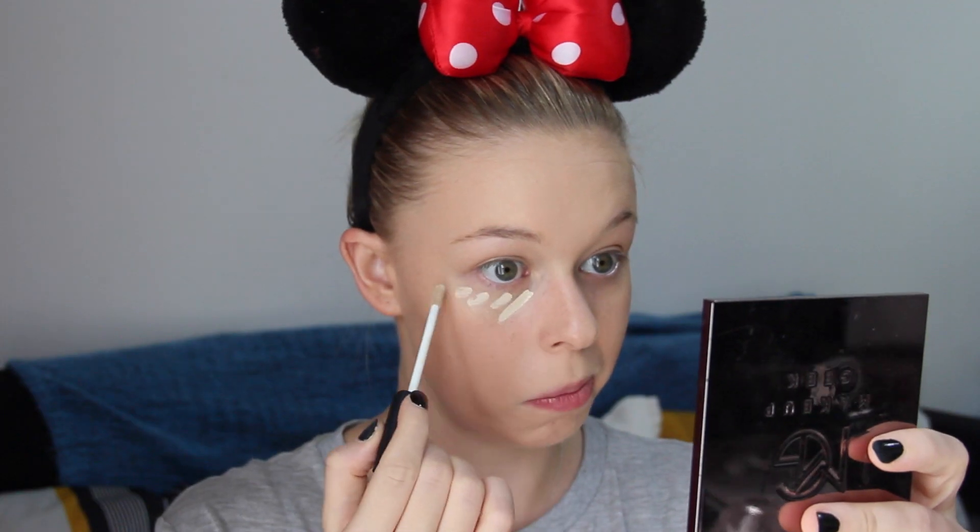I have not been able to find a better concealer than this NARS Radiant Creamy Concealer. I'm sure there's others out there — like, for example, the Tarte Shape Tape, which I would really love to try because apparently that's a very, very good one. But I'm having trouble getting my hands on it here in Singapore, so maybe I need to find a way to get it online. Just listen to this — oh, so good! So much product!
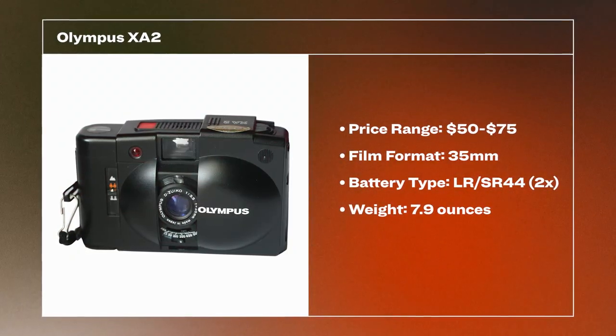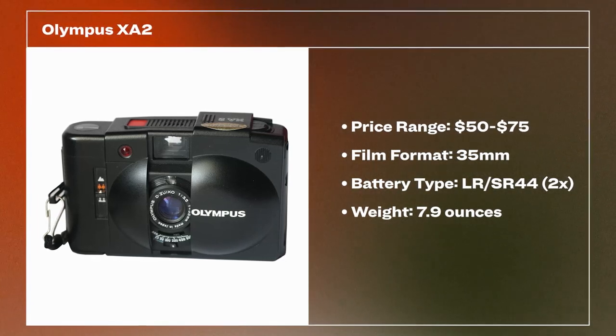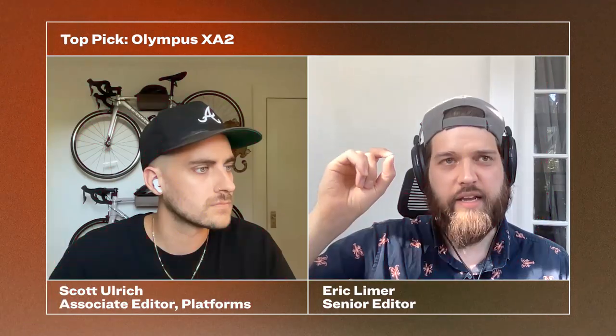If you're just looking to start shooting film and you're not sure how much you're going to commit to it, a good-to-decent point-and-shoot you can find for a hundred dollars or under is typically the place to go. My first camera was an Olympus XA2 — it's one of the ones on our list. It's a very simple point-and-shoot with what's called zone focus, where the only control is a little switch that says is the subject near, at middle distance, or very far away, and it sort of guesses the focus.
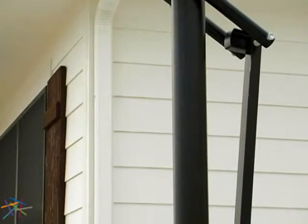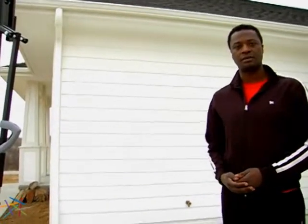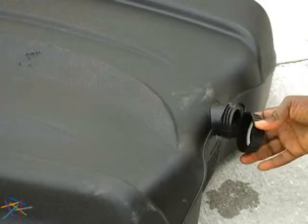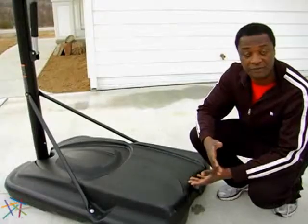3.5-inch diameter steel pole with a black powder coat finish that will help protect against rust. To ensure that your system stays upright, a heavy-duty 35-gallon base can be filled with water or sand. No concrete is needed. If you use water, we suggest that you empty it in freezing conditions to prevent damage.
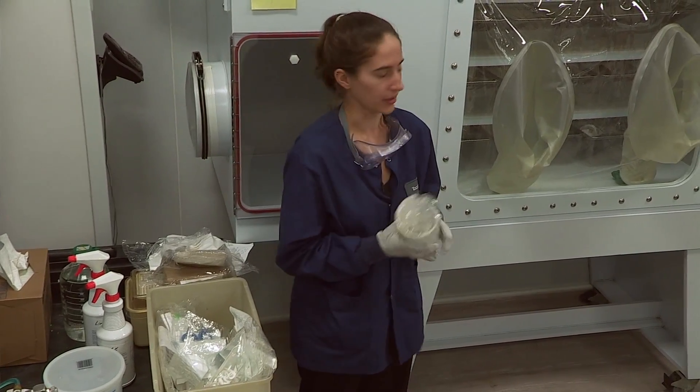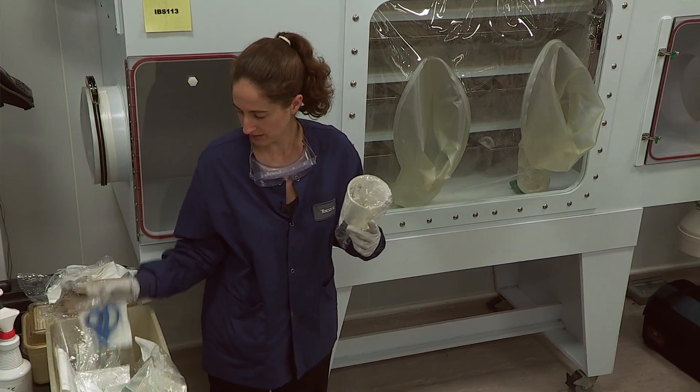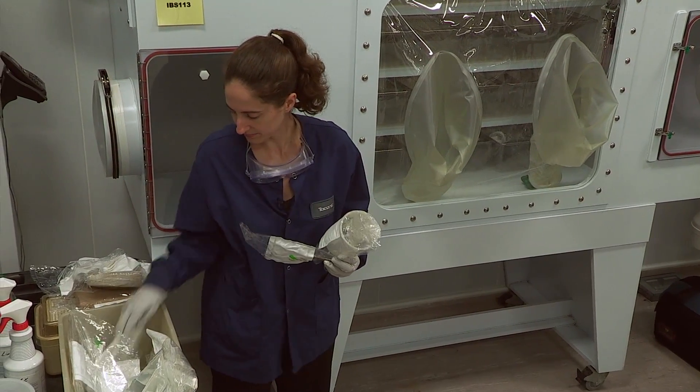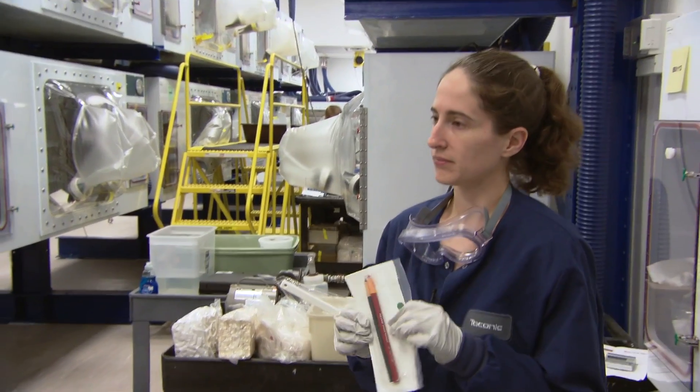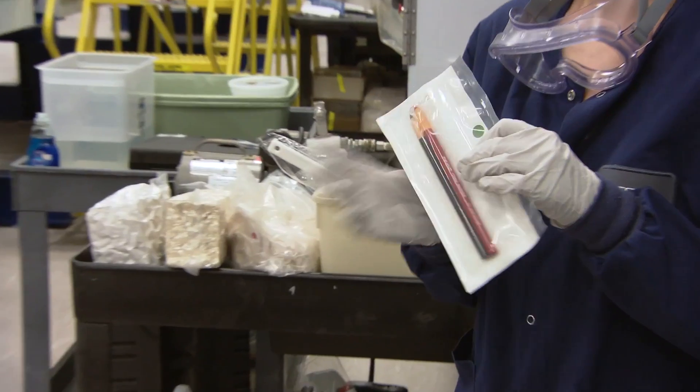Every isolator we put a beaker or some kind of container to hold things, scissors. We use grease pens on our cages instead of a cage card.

The problem — Emit the lines of the data above from the one containing "If you're just" through its final line, both endpoints included. Pictures do not belong in the output.

Response to the exercise —
If you're just looking to start shooting film and you're not sure how much you're going to commit to it, a good-to-decent point-and-shoot you can find for a hundred dollars or under is typically the place to go. My first camera was an Olympus XA2 — it's one of the ones on our list. It's a very simple point-and-shoot with what's called zone focus, where the only control is a little switch that says is the subject near, at middle distance, or very far away, and it sort of guesses the focus.
3.5-inch diameter steel pole with a black powder coat finish that will help protect against rust. To ensure that your system stays upright, a heavy-duty 35-gallon base can be filled with water or sand. No concrete is needed. If you use water, we suggest that you empty it in freezing conditions to prevent damage.
Every isolator we put a beaker or some kind of container to hold things, scissors. We use grease pens on our cages instead of a cage card.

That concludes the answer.